23. The defence did not even make a suggestion to Sujit Mondal, PW-1, that he was not injured by the appellant with a knife. The evidence of PW-1, therefore, cannot be ignored. However, as the prosecution failed to produce any evidence to the effect that Sujit Mondal, PW-1, remained admitted in PHC Raninagar. That part of the evidence has been ignored by the Trial Court as well as by the High Court.
Testimony of Sole Witness:

24. Shri Bagga has also submitted that there was sole testimony of Sujit Mondal, PW-1, and the rest, i.e. depositions of PW-2 to PW-8, could be treated merely as a hearsay. The same cannot be relied upon for conviction.

25. In Sunil Kumar v. State Govt. of NCT of Delhi [JT 2003 (Suppl. 2) SC 426 : 2003 (11) SCC 367], this Court repelled a similar submission observing that as a general rule the Court can and may act on the testimony of a single witness provided he is wholly reliable. There is no legal impediment in convicting a person on the sole testimony of a single witness. That is the logic of Section 134 of the Evidence Act, 1872. But if there are doubts about the testimony the courts will insist on corroboration. In fact, it is not the number, the quantity, but the quality that is material. The time-honoured principle is that evidence has to be weighed and not counted. The test is whether the evidence has a ring of truth, is cogent, credible and trustworthy or otherwise.

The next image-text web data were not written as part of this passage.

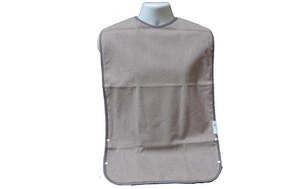 Winter Proof Your Mobility: Adult Tray Bib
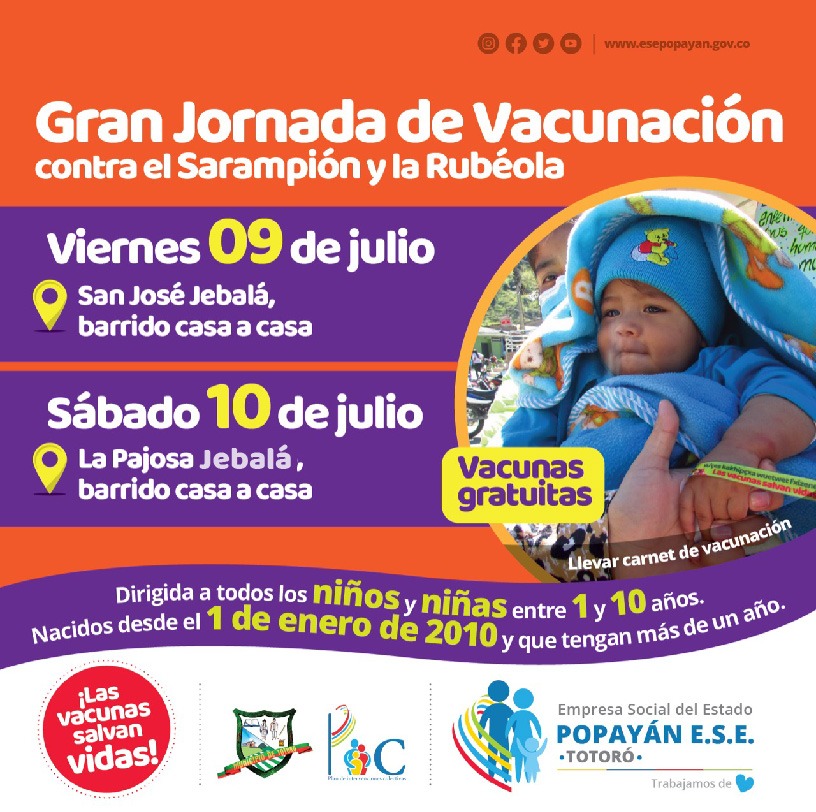 9 y 10 de julio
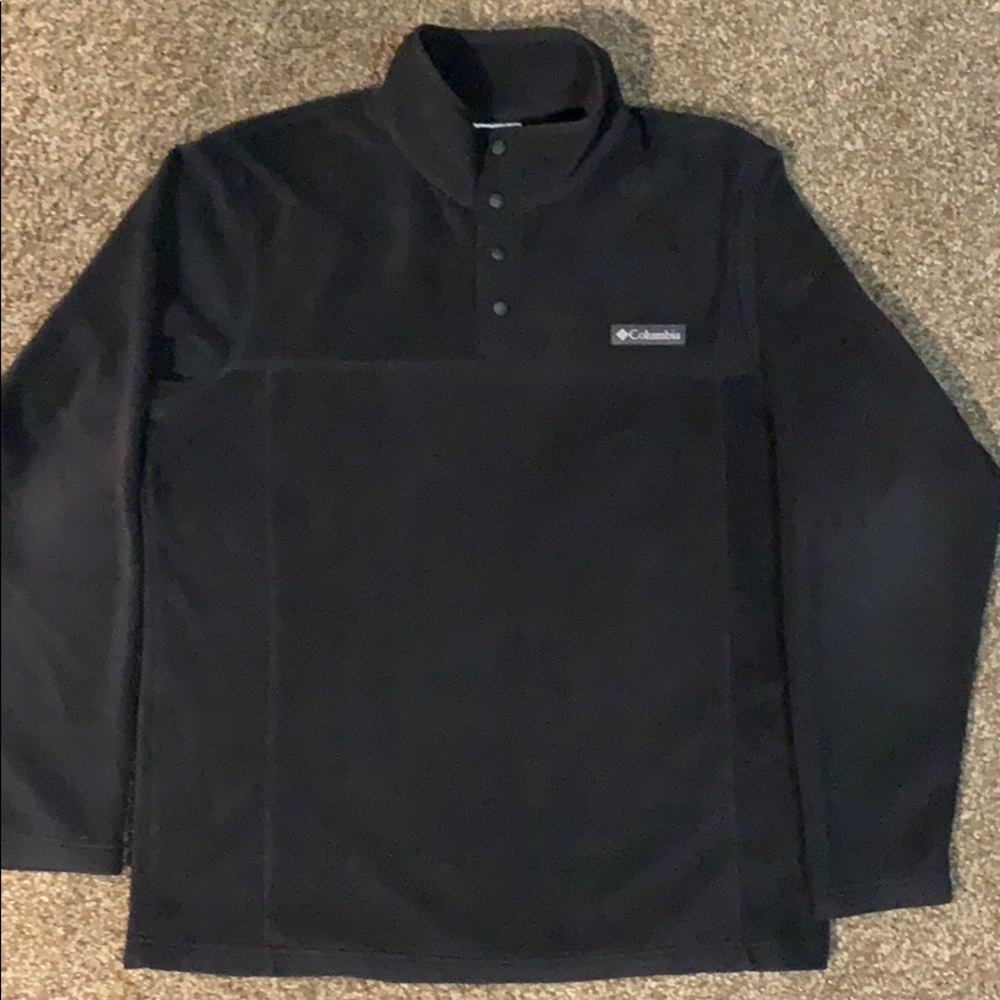 Columbia jacket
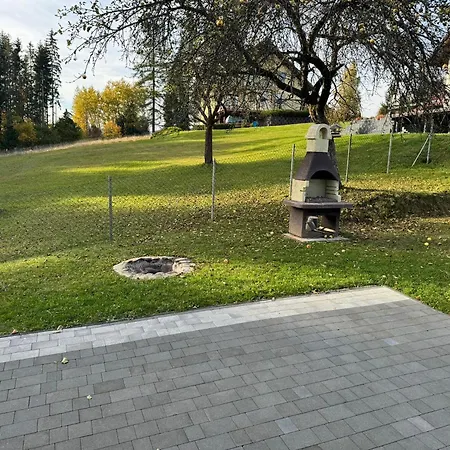 Villa Dom Na Mlaskawce *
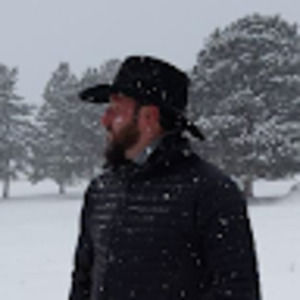 Meet your Posher, Matt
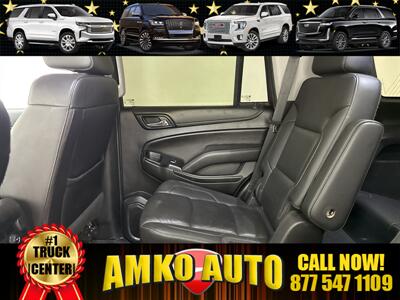 2019 Chevrolet Tahoe Premier - Photo 18 - Laurel, MD 20724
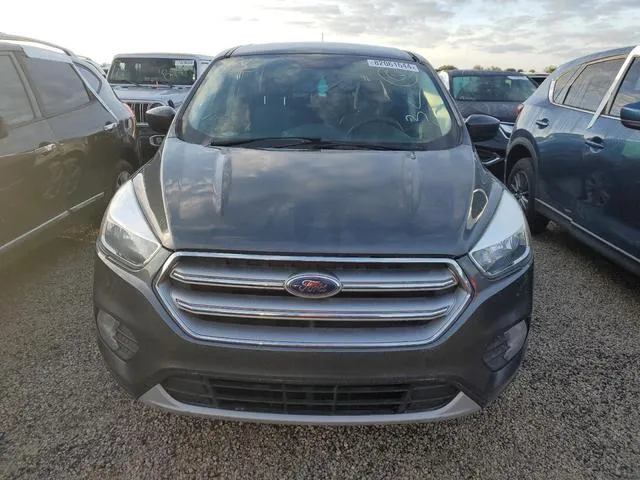 1FMCU0GDXHUE91333 2017 2017 Ford Escape- SE 5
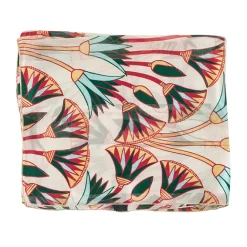 Foulards, Étoles, Châles<Boutiques de musées Étole Lotus et papyrus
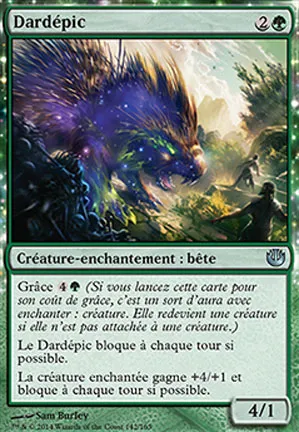 Dardépic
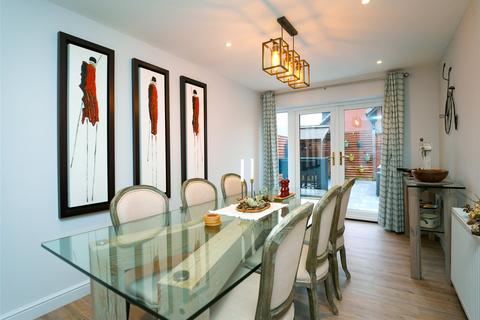 4 bedroom detached house for sale - Overton Road, St. Martins, Oswestry, Shropshire, SY11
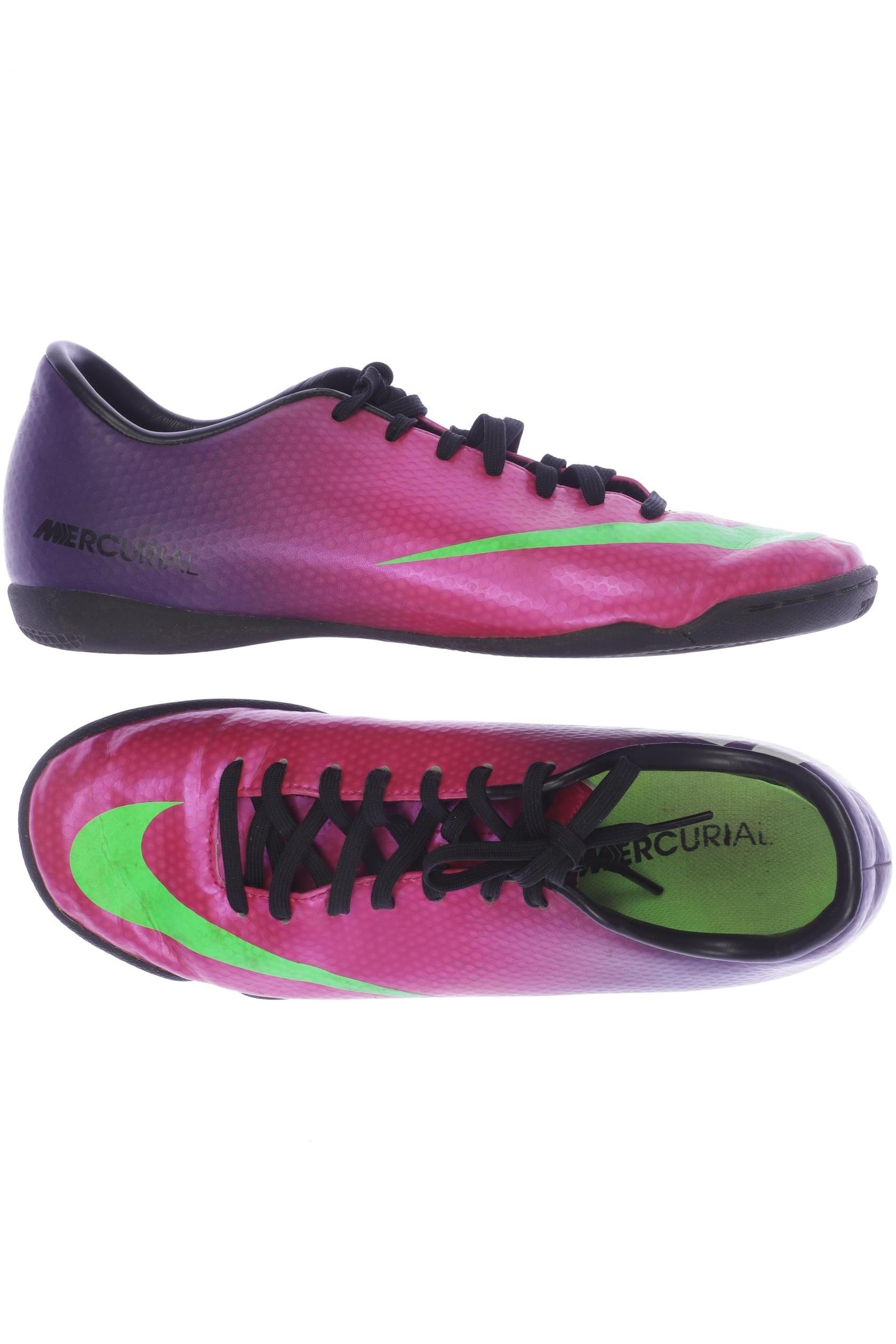 

Nike Football Herren Sneakers, pink, Gr. 40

26. In Namdeo v. State of Maharashtra [JT 2007 (4) SC 618 : 2007 (14) SCC 150], this Court reiterated the similar view observing that it is the quality and not the quantity of evidence which is necessary for proving or disproving a fact. The legal system has laid emphasis on value, weight and quality of evidence rather than on quantity, multiplicity or plurality of witnesses. It is, therefore, open to a competent court to fully and completely rely on a solitary witness and record conviction. Conversely, it may acquit the accused in spite of testimony of several witnesses if it is not satisfied about the quality of evidence.

27. In Kunju @ Balachandran v. State of Tamil Nadu [JT 2008 (1) SC 450 : AIR 2008 SC 1381], a similar view has been reiterated placing reliance on various earlier judgments of this court including Jagdish Prasad v. State of M.P. [AIR 1994 SC 1251]; and Vadivelu Thevar v. State of Madras [AIR 1957 SC 614].

28. Thus, in view of the above, the bald contention made by Shri Bagga that no conviction can be recorded in case of a solitary eye-witness has no force and is negatived accordingly.

29. In view of the above, we are of the considered opinion that the facts and circumstances of the case do not present special features warranting the review of the judgments/orders of the courts below. Appeal lacks merit and is accordingly dismissed.

30. Before parting with the case, we record our appreciation, thanks and gratitude to Shri Seeraj Bagga in rendering full assistance to the Court during the course of hearing.